Yapımcılar yaptırımlarla karşı karşıya kaldıklarında, belki günün birinde listelerine bir de "hukuk danışmanı" eklemek zorunda kalacaklardır. Var mı bilmiyorum ama? aslında olması gereken de o. Tıpkı mali müşavirleri, muhasebecileri olduğu gibi.

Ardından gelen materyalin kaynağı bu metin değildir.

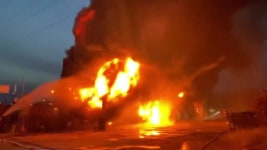 [사회]안산 자동차 정비소 화재...내부에서 불꽃 보여 | YTN 안산 자동차 정비소 화재...내부에서 불꽃 보여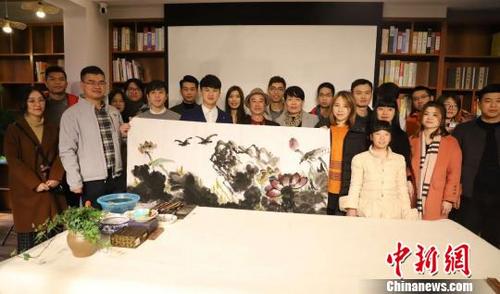 中國僑網(wǎng)圖為合影留念?!幍率信_港澳辦 供圖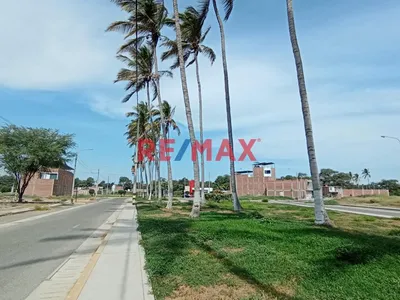 Venta De Terreno En Urb. Las Palmeras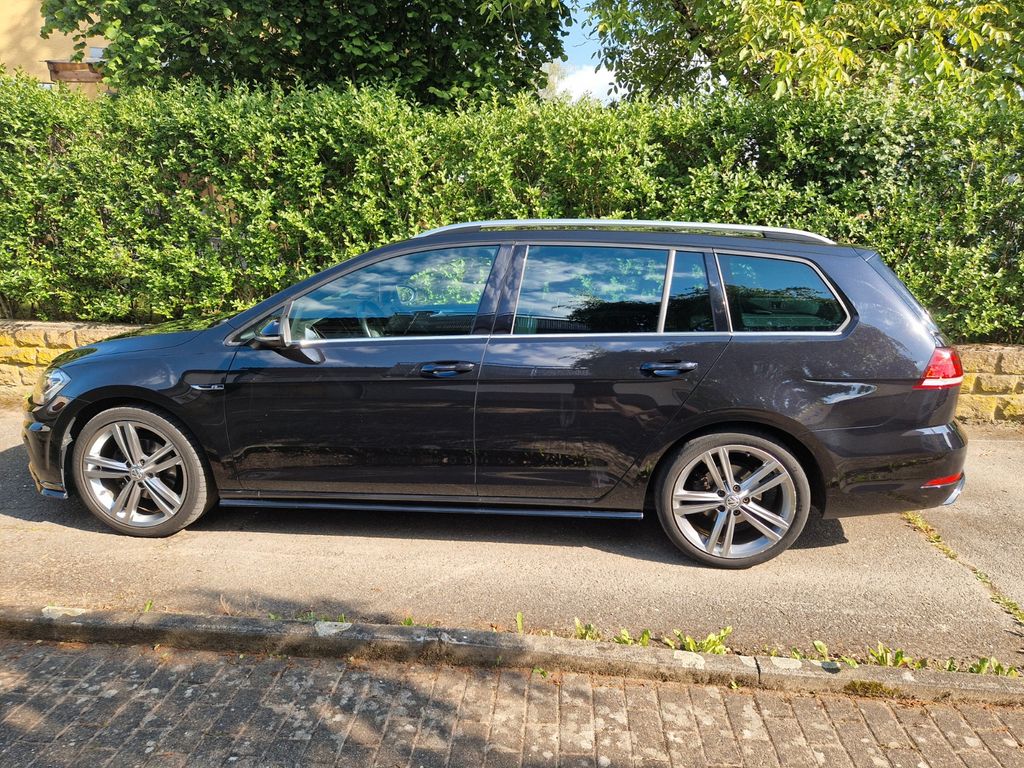 Image of Volkswagen Golf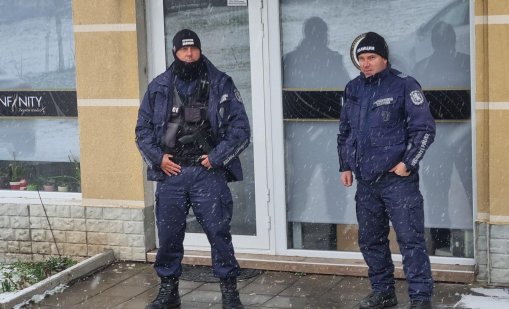 Достъпът до голяма част от видеата, изтекли от козметични салони в Бургас, е ограничен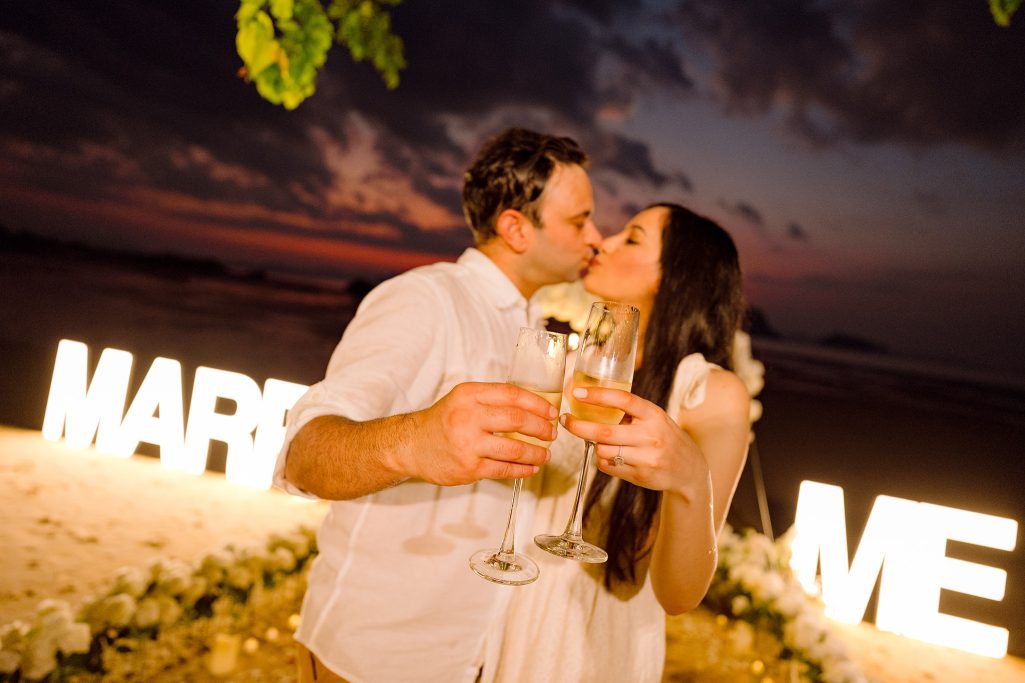 Krabi surprise proposal decoration planner, Krabi Wedding Planner, Krabi wedding, Krabi Wedding Planner, Krabi wedding organizer , Surprise proposal, Krabi surprise proposal photography, proposal decoration, surprise proposal photographer in Krabi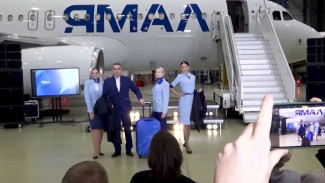 Авиакомпания «Ямал» представила новую униформу для бортпроводников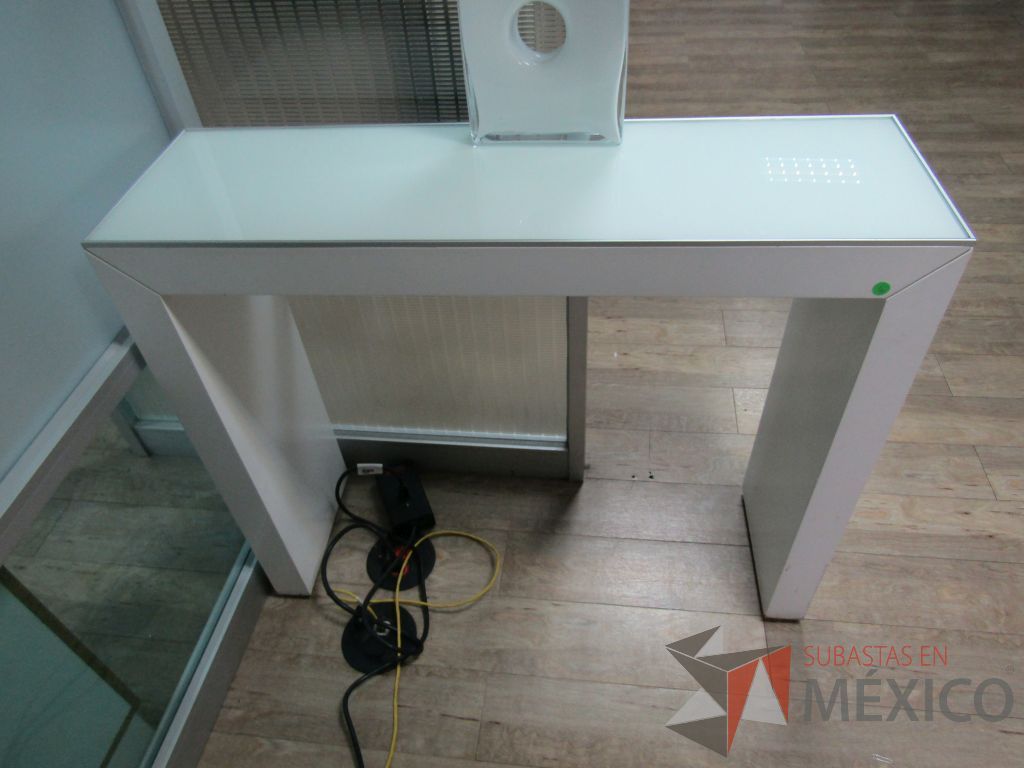 Lote 054 - Mesa de apoyo con cubierta de cristal - Imagen 5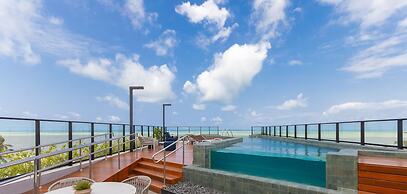 Breeze Residence By Carpediem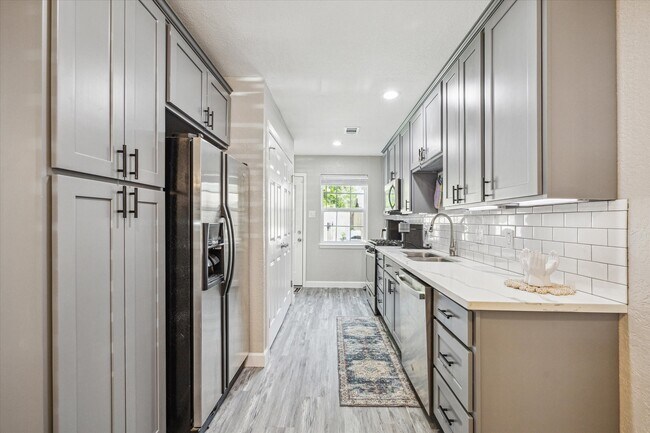 Foto del edificio - 3808 Cochran St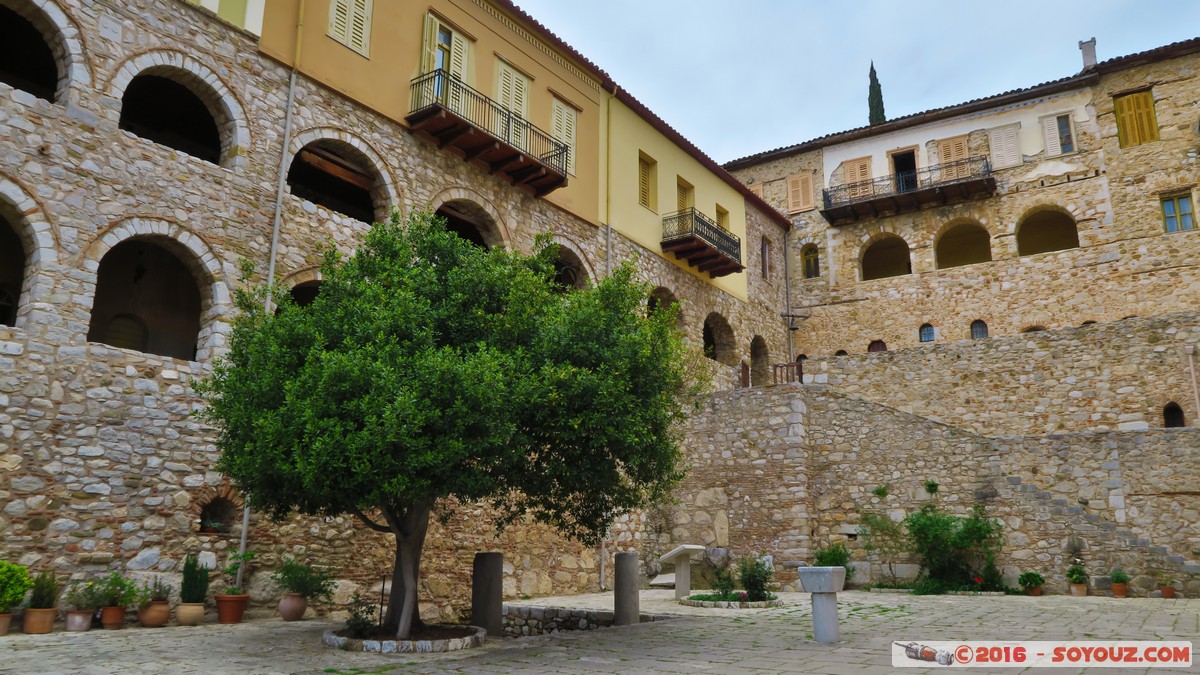 Monastery of Hosios Loukas
Mots-clés: Distomo GRC Grèce Steíri Hosios Loukas Monastere patrimoine unesco Hdr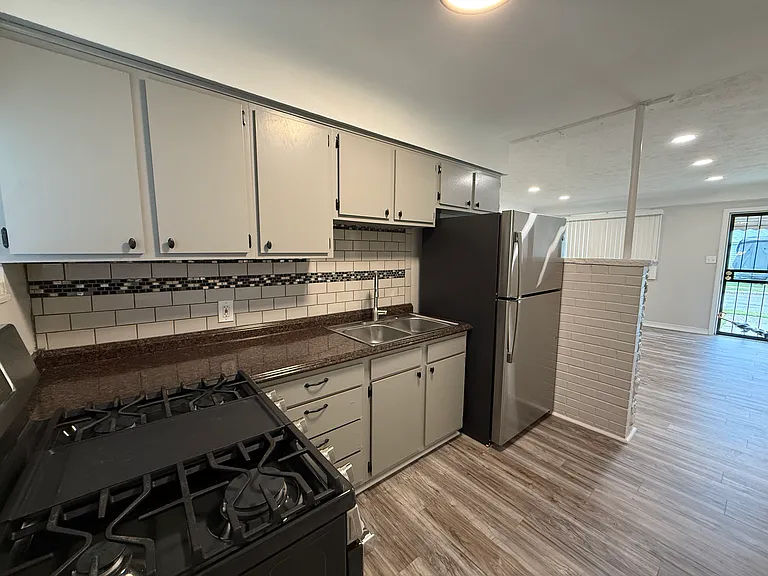 18844 Marquette St #2 — Photo 4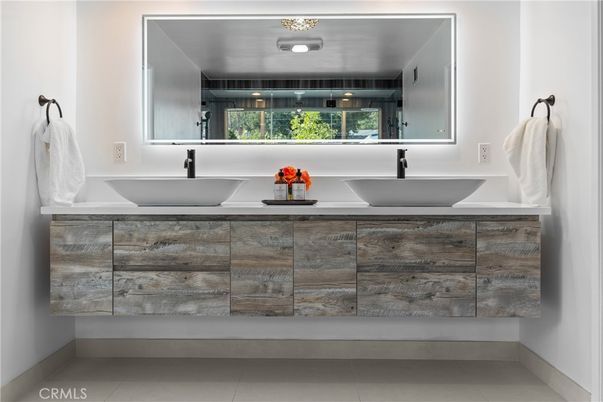 Bathroom, Dual Sink Vanities, Interior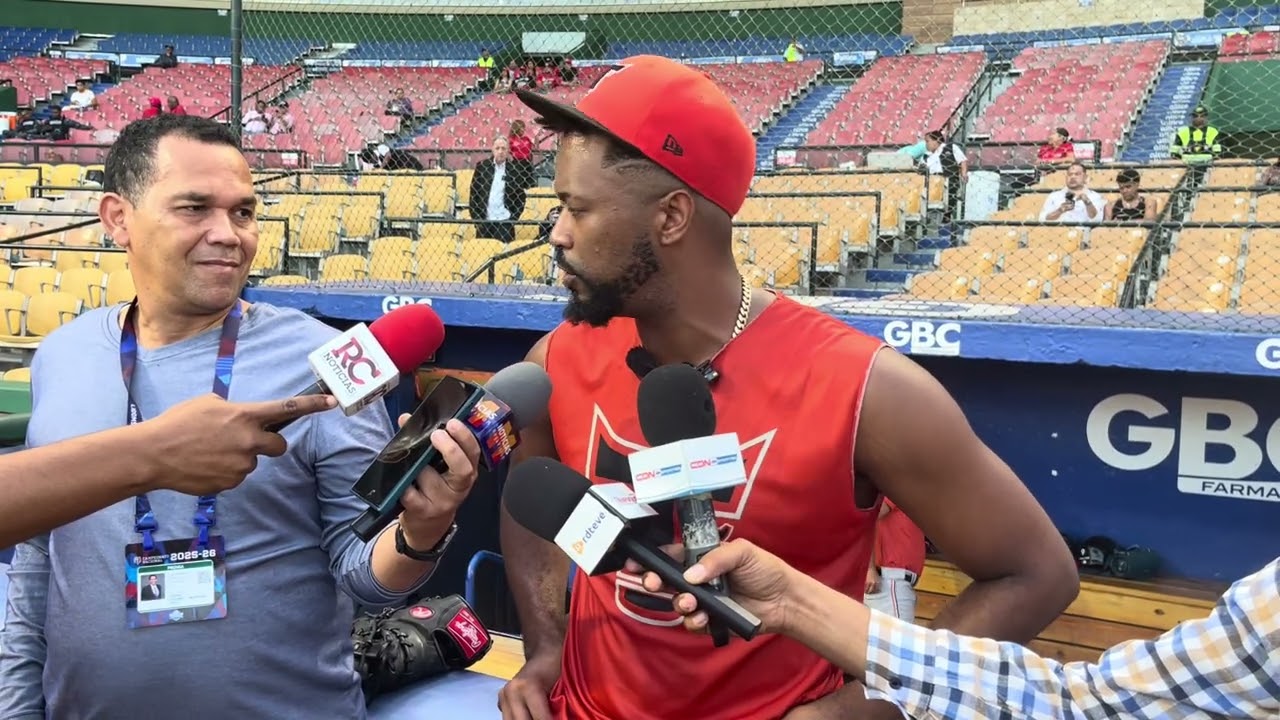 Eloy Jiménez habla para la prensa, previo al tercer partido de la final de Lidom. 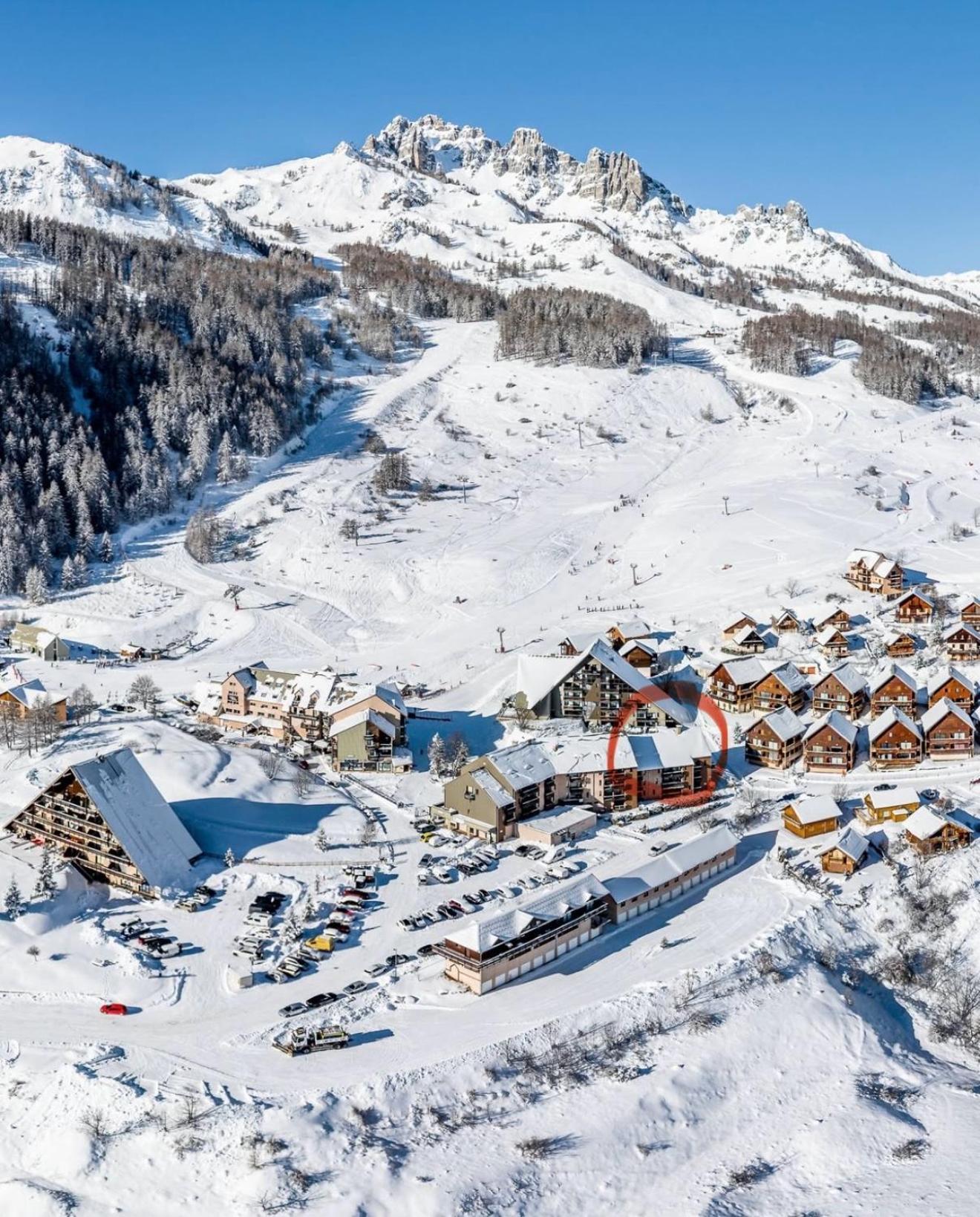 Appartement Pieds Des Pistes Réallon Exteriér fotografie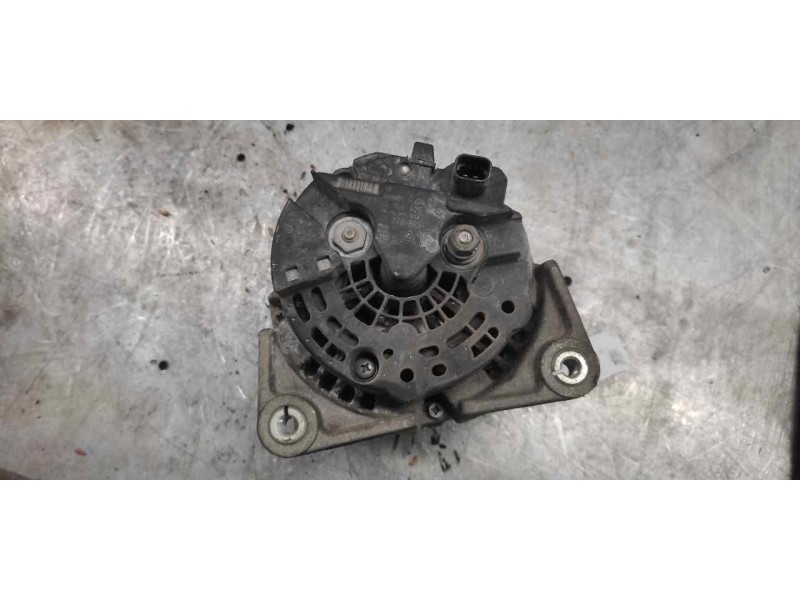 Recambio de alternador para opel astra h ber. cosmo referencia OEM IAM 0124425050 13229985 14V 120A BOSCH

Hukuk danışmanı olduğunda ne olur? E tabi ki, meslek onurunu gözetir diye düşünüyorum. (Sonradan ilave edilmişitir.)
Old 26-03-2012, 08:01   #38
Av.Mehmet Saim Dikici

 
Varsayılan

Alıntı:
Yazan Atahun
Yapımcılar yaptırımlarla karşı karşıya kaldıklarında, belki günün birinde listelerine bir de "hukuk danışmanı" eklemek zorunda kalacaklardır. Var mı bilmiyorum ama? aslında olması gereken de o. Tıpkı mali müşavirleri, muhasebecileri olduğu gibi.

Hukuk danışmanı olduğunda ne olur? E tabi ki, meslek onurunu gözetir diye düşünüyorum. (Sonradan ilave edilmişitir.)

Ciddi prodüksiyon şirketlerinin hepsinin hukuk danışmanları var. Ancak dizi senaryoları bakımından neredeyse hiçbir hukuki yardım almıyorlar.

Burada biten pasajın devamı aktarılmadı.